Although Babylon Pump and Power is relatively new business it has carved out a niche in servicing the mines in WA. I recently met with CEO, Michael Shelby to see how they are travelling.
What do you do?
Babylon Pump and Power supplies and maintains dewatering and power generation equipment for resources projects. It operates through two business units through which it provides large scale generators, compressors and pumps on short, medium and long term hire or lease and it services and overhauls large (greater than 1,000hp) diesel engines typically used to power large earthmoving equipment.

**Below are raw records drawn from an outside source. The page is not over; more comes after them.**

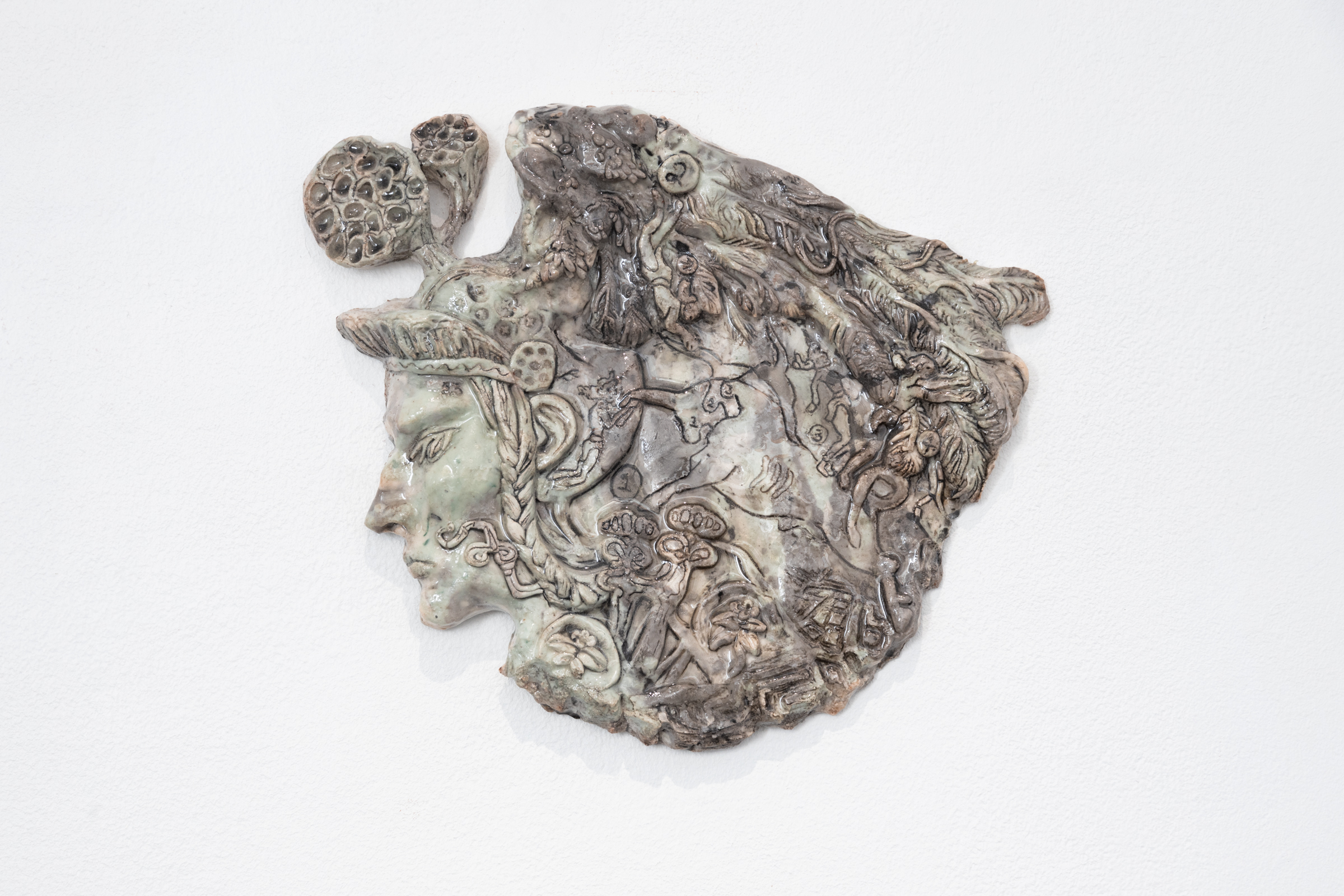 Hermes & the Bull Jumpers. Eco resin, mineral pigment .26 x .3 x .02 m 2025. Photo: Jane Treima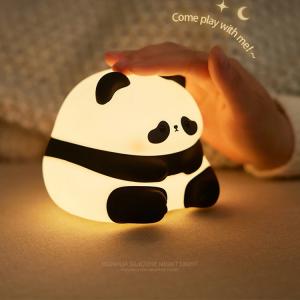 China Cute Panda Led Light Usb Rechargeable Portable Night Lamp Touch Light kids table lamp Silicone Night Light For Kids wholesale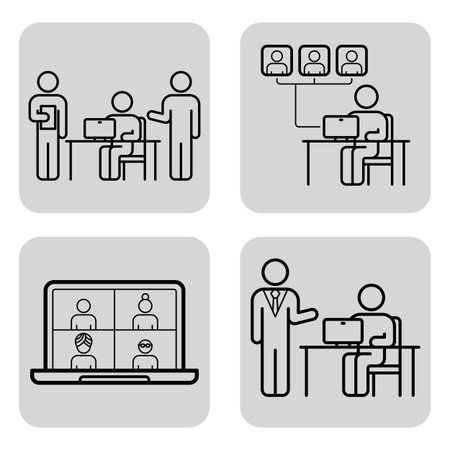 Collection of line icons depicting virtual collaboration. Group discussions, video calls, and remote meetings with varied participants and settingsのイラスト素材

These are complementary businesses which often service the same clients and projects and both are underpinned by considerable technical experience. Both operations are critically important in keeping mining operations running. Key clients include BHP, FMG, NRW and Downer. The Equipment Rental and Leasing business is largely a financing exercise but provides reliable recurring income. The company typically works with the client to find the solution to its dewatering and power needs and then sources and supplies the equipment on agreed terms. On the other hand, the Maintenance and Overhaul business is technically complex where a rebuild can cost over $300K. The workshop has the capability to fully strip down an engine, clean all parts, replace where necessary and re-assemble. Any machining work is outsourced and all replacement parts are Original Equipment.
What is the business case?
The fundamental driver for the business is the sheer scale of the market for equipment maintenance in the resources industry. Economic research firm BIS shrapnel has estimated that annual maintenance expenditure in Australia’s resources industry will swell to $10 billion over the next five years. This is a flow on effect for the massive increase in new resources projects that have come on stream in recent years.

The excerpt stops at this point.